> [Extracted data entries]

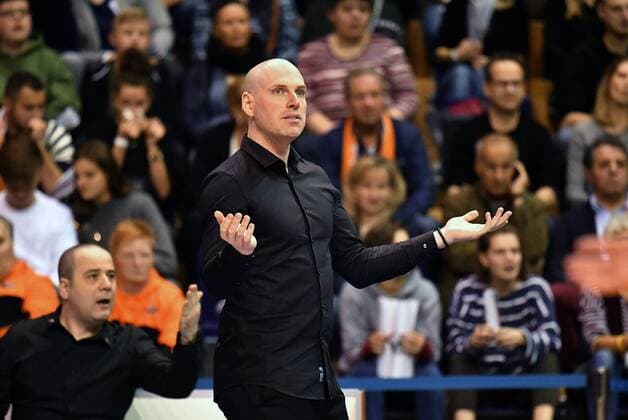 Luke Reynolds coach BR volleys thoughtfully on the sidelines BR volleys Berlin SWD powervolleys Düren German volleyball league season 2017 2018 men men men men volleyball Germany Germany Max Schmeling Halle Berlin 14 1 2018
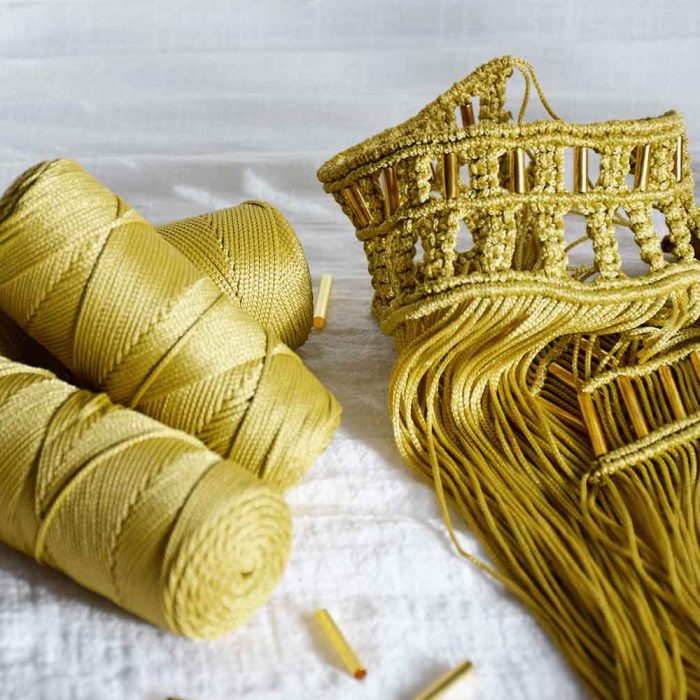 hilo macrame dorado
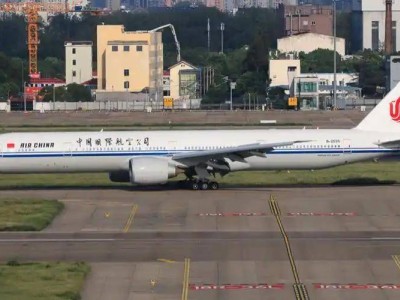 国航航班俄罗斯上空遇险备降，应急响应速度获赞但隐患仍存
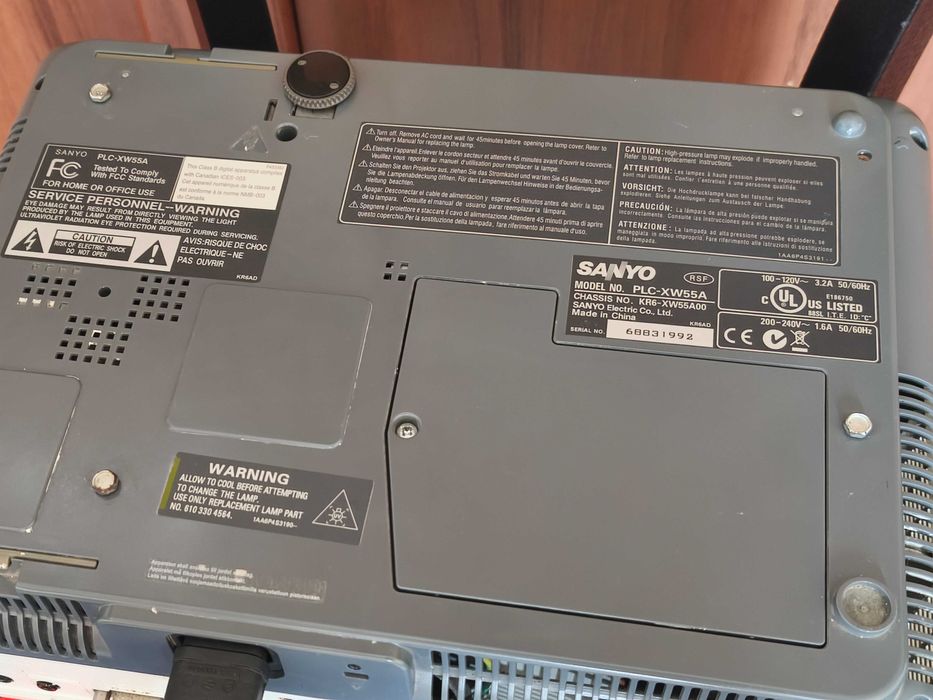проектор Sanyo PLC-XW55A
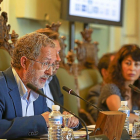 El concejal de Urbanismo, Manuel Saravia, interviene ayer en el Pleno.-MIGUEL ÁNGEL SANTOS (PHOTOGENIC)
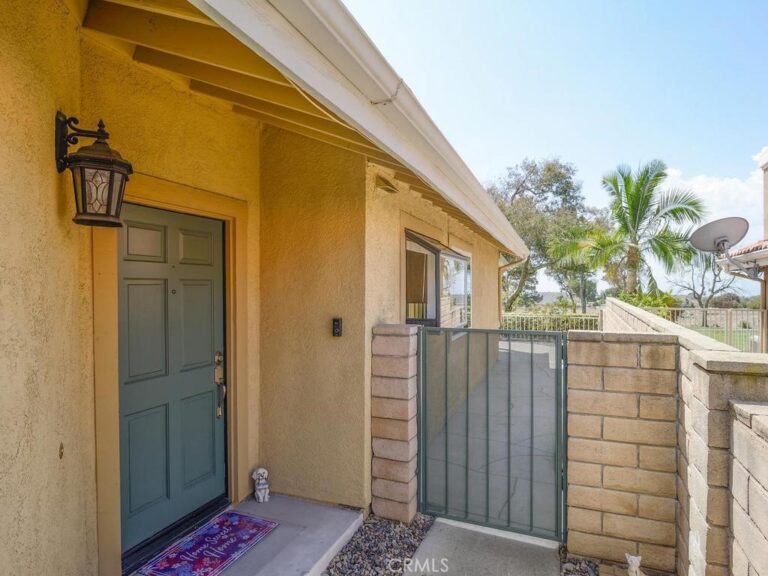 1188 Upland Hills, Upland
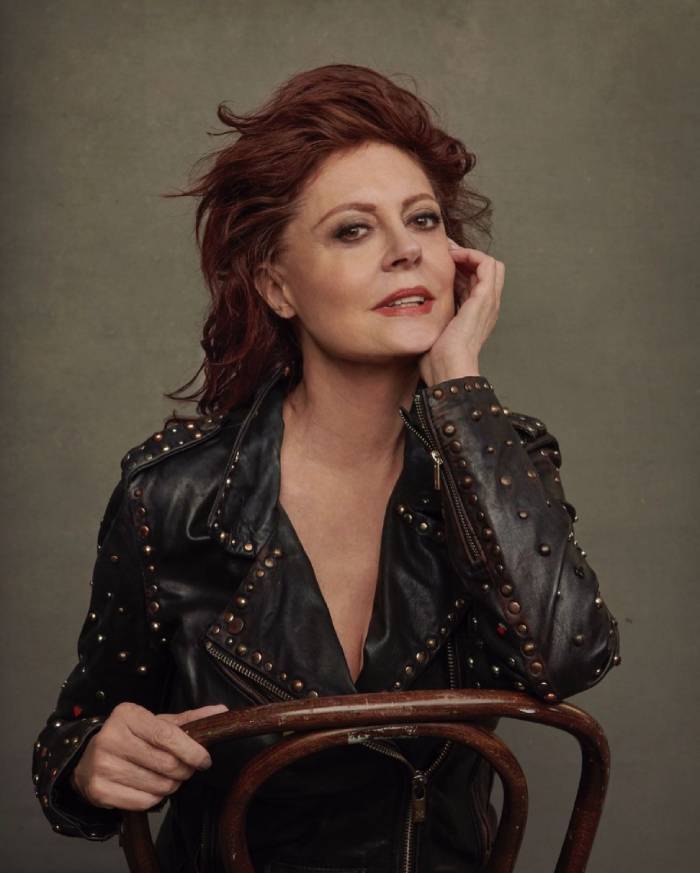 Women Over 60 With Amazing Style - susan sarandon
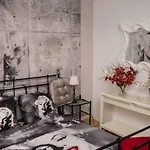 Fantastic Marilyn Orlando 85 * אדחה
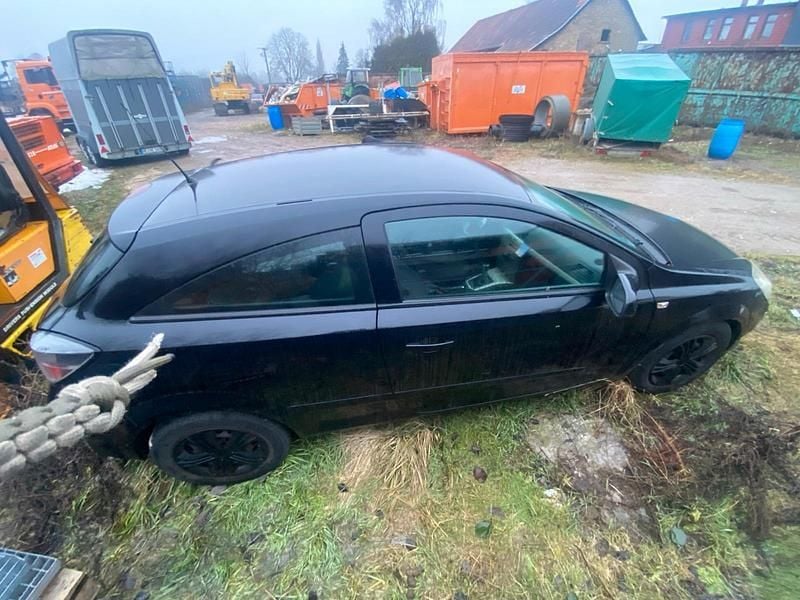 Gebraucht Opel Astra GTC 90 PS (66 kW) 2009 Schwarz Coupé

> [What the task requires]
From the first line to the last, retype the data exactly, but omit every image.

> [Solution to this task]
 Luke Reynolds coach BR volleys thoughtfully on the sidelines BR volleys Berlin SWD powervolleys Düren German volleyball league season 2017 2018 men men men men volleyball Germany Germany Max Schmeling Halle Berlin 14 1 2018
 hilo macrame dorado
 国航航班俄罗斯上空遇险备降，应急响应速度获赞但隐患仍存
проектор Sanyo PLC-XW55A
 El concejal de Urbanismo, Manuel Saravia, interviene ayer en el Pleno.-MIGUEL ÁNGEL SANTOS (PHOTOGENIC)
 1188 Upland Hills, Upland
 Women Over 60 With Amazing Style - susan sarandon
 Fantastic Marilyn Orlando 85 * אדחה
 Gebraucht Opel Astra GTC 90 PS (66 kW) 2009 Schwarz Coupé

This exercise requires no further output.